The report, by the Lawyers Committee for Civil Rights of the San Francisco Bay Area, examined U.S. Census Bureau data, records from the California Department of Motor Vehicles and information from 15 police and sheriff’s departments in the state to document by race the impact of unpaid traffic fines.

“Individuals who cannot afford to pay an infraction citation are being arrested, jailed and prosecuted, and are losing their licenses and their livelihoods,” the report said. “The communities impacted by these policies are disproportionately communities of color.”

Black drivers were found to be arrested at higher rates than whites for driving with licenses suspended because of unpaid tickets, the report said.
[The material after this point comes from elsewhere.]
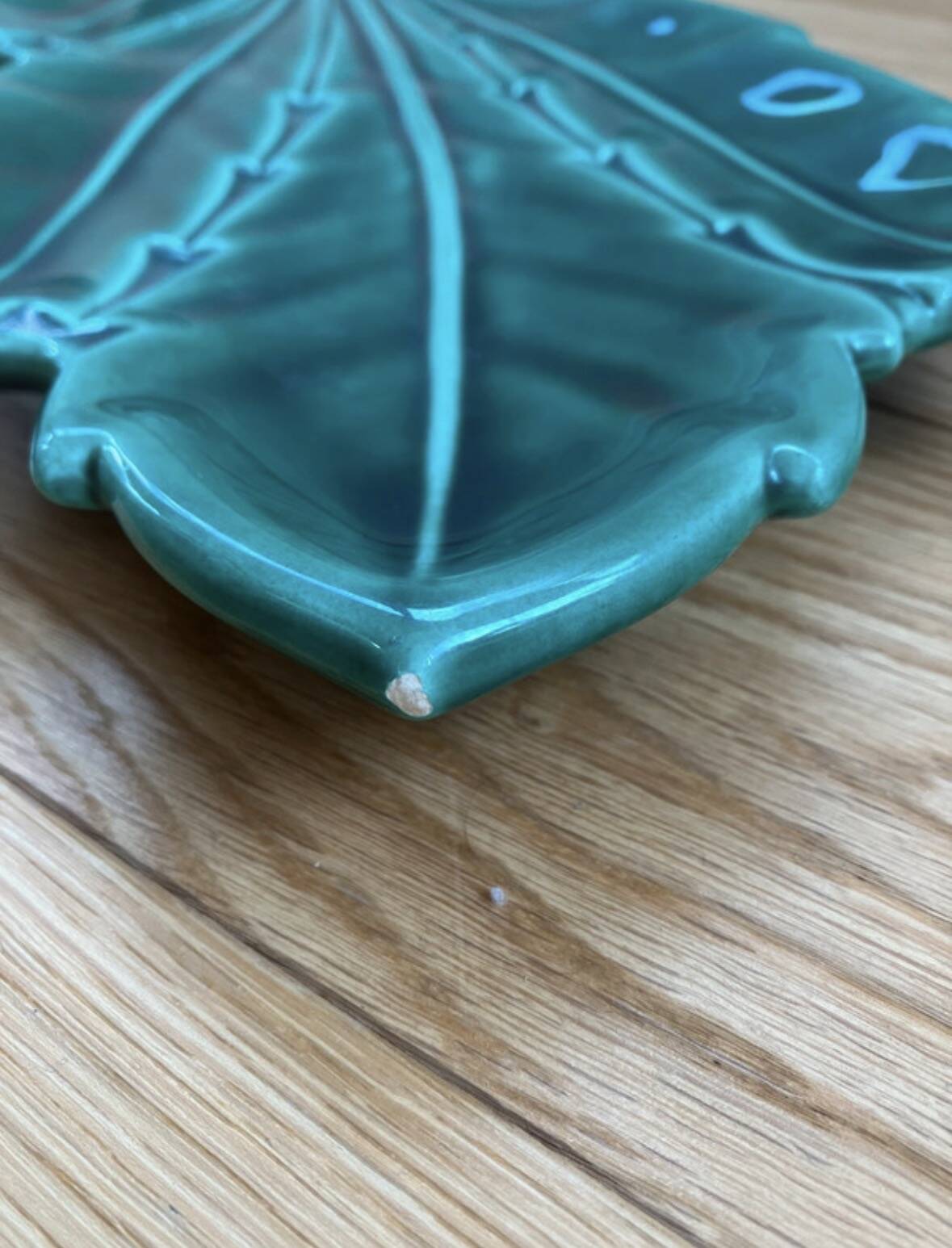 Long dish or platter in Vallauris style.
The highest suspension rates in 2014 were found in poor neighborhoods with large percentages of black and Latino residents.


#2

No duh.

Of course poorer sectors will be harder hit by financial penalties.

ICXC NIKA


#3

… and in California, the cost isn’t just the ‘face value’ of the fine for the offense. There are always additional charges/fees. A $100 offense can actually cost quite a bit more.


#4

I suppose obeying the law in the first place is too difficult? Driving is a privilege, not a right. (And yes, sometimes, it can be a very expensive privilege–I have a son who is just under 18 right now, and even in a boring sedan, the monthly cost of insuring him is nearly equal to the annual cost of insuring me, and that’s with no accidents or tickets.)
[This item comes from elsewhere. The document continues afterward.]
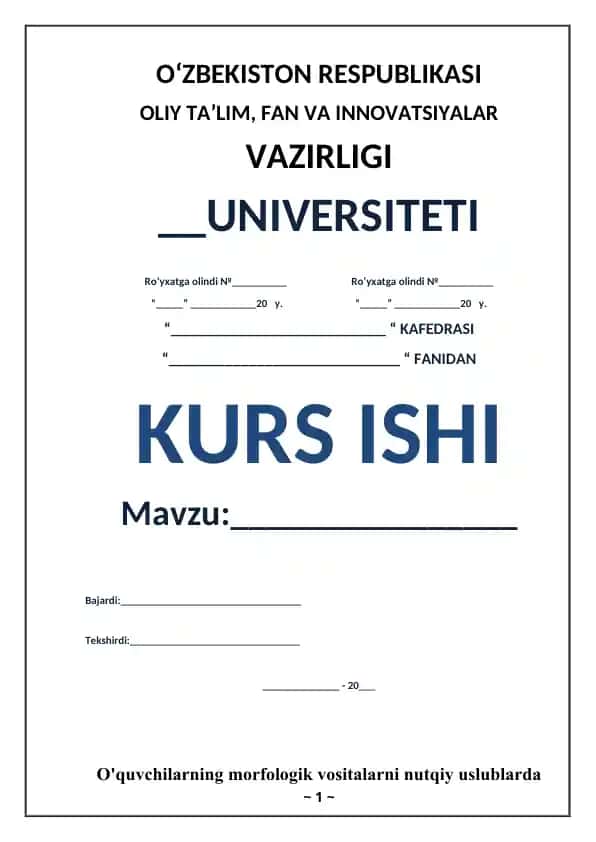 O'quvchilarning morfologik vositalarni nutqiy uslublarda qo'llash malakalarini rivojlantirish ko'nikmalari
Do not blame the one who enforces the law for the penalties incurred by those who chose to break the law.


#5

I’m sure it also hits a disproportionate number of young men of any race, as compared to young women. But I don’t think anybody is looking for a remedy for that.


#6

In today’s world, your son has a far better chance of becoming a mature driver than a poor person has of bettering their economic status…and, here’s hoping they all (your son and the poor) find the mercy and compassion they all deserve.

PEACE AND ALL GOOD!


#7

What?? In the land of opportunity, they can’t get out of poverty???


#8

What is anybody supposed to do? If anybody can’t pay for traffic violations, can they possibly afford auto insurance?


#9

Yes, good point, the last ticket I had was for a seat belt violation, about 6 years ago, in the end, it cost me about $225.

Seems like they are taking advantage of people a bit.
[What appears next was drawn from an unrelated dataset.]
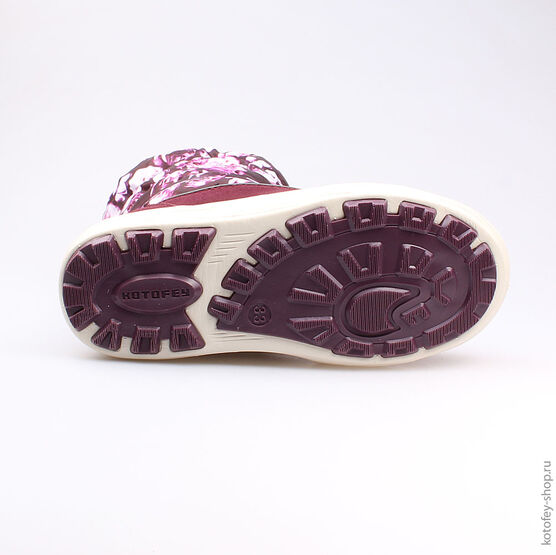 664919-42 Мембранные сапожки для девочки бордовый фото №3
Plus, the goal of ANY law, traffic or otherwise, is to stop or reduce the number of crimes committed, but with traffic laws, it seems like the only goal is revenue, pretty obvious since most have not changed in decades, only the fees. If they saw these laws were not effective, surely they would change them to make them more effective, again to reduce the number of violations.

Surprisingly though, I am good friends with a city manager of a large metro in my area, I thought cops still had citation quotas, but he said they do not anymore and majority of cops hate to write traffic tickets, too much paperwork, and most are out for more important crimes.


#10

Maybe another goal of traffic laws is public safety?


#11

I am skeptical of “studies” like this. Throwing the race-card is overstating that it’s more probably true that all people of lower income levels probably can’t pay their fines. And, then, there’s the question of whether this group or that economic group GETS more citations than another. I think it would be very hard to do a controlled study of this, without biases.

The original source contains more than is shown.